Dilek, aldığı bilgilere göre test sonucu pozitif çıkan yaklaşık 20 mahpusun aynı koğuşta tutulduğunu söylerken virüs bulaşmış olabilecek diğer mahpuslar için ise herhangi bir işlem yapılmadığını da belirtti.

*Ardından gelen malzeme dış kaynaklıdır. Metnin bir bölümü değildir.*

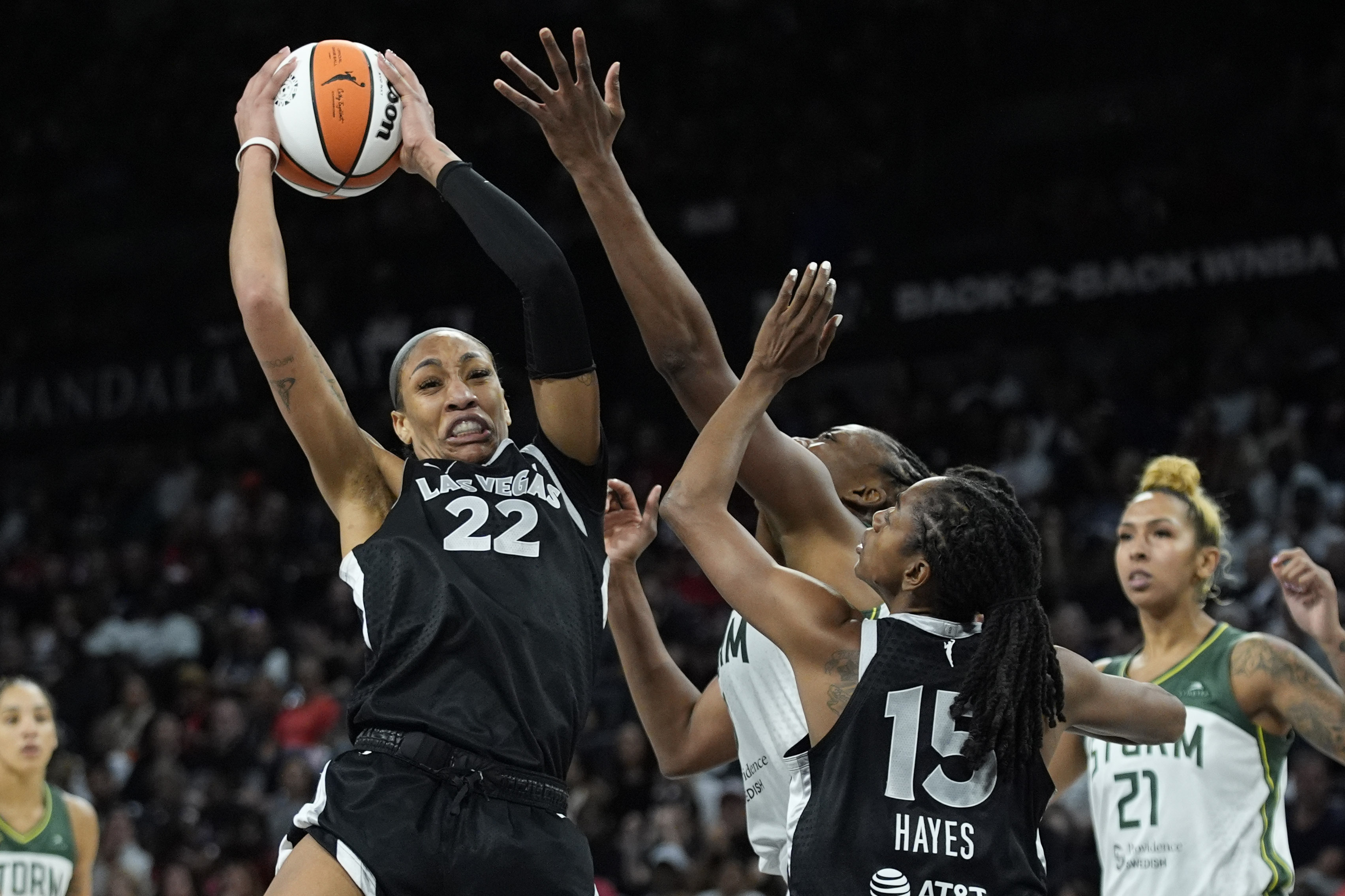 Las Vegas Aces center A'ja Wilson (22) grabs a rebound against the Seattle Storm during the second half in Game 2 of a WNBA basketball first-round playoff game Tuesday, Sept. 24, 2024, in Las Vegas.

Dilek, cezaevi müdürlüğüne, izole anlamında ne gibi çalışmalar yapıldığını, hastane sevkedilenler ve test sonucu pozitif çıkan kaç mahpusun aynı koğuşta kaldığına ilişkin bilgileri öğrenmek için dilekçe vermek istedi. Dilek bu talebini iletirken yaşadıklarını şöyle anlatıyor: “Önce memurlar dilekçemi çeşitli sebeplerden dolayı kabul edemeyeceklerini söyledi. İtiraz edince bir memur dilekçemi alıp götürdü. Ancak ‘Alındı’ nüshasını vermedi. Nüshayı sorunca ‘Salgın nedeniyle dilekçeler bir gün sonra işleme alınıyor’ dedi. Dalga geçer gibi… Çelişki şurada: Dilekçeyi bir gün bekletiliyorlar ama mahpuslara gönderilen mektuplar hemen mi veriliyor? Mektubun postada geçen süresini anlatmıyorum bile! Bu insanların dışarıyla tek teması gardiyanlar. Salgının cezaevine nasıl girdiği de çok gizli değil. Virüsün nedenini mektuba bağlayarak mahpus ailelerini suçlamak istiyorlar.”
 
MAHPUS REVİRE KALDIRILMIŞ

Dilek hiçbir başvurusuna yanıt alamazken müvekkilinin sağlık durumunda bir değişiklik olup olmadığını yine E Nabız sisteminden öğreniyor: “9 Mayıs gecesi müvekkilimin revire kaldırıldığını E Nabız sisteminden öğrendim. Acil bir şey mi oldu bilmiyoruz. Ailesine de bilgi verilmedi. Ne işlem yapıldığını da bilmiyoruz. Cezaevi de hiçbir bilgi vermiyor. Zaten cezaevinde ölüme yaklaşmazsanız revir göremezsiniz.”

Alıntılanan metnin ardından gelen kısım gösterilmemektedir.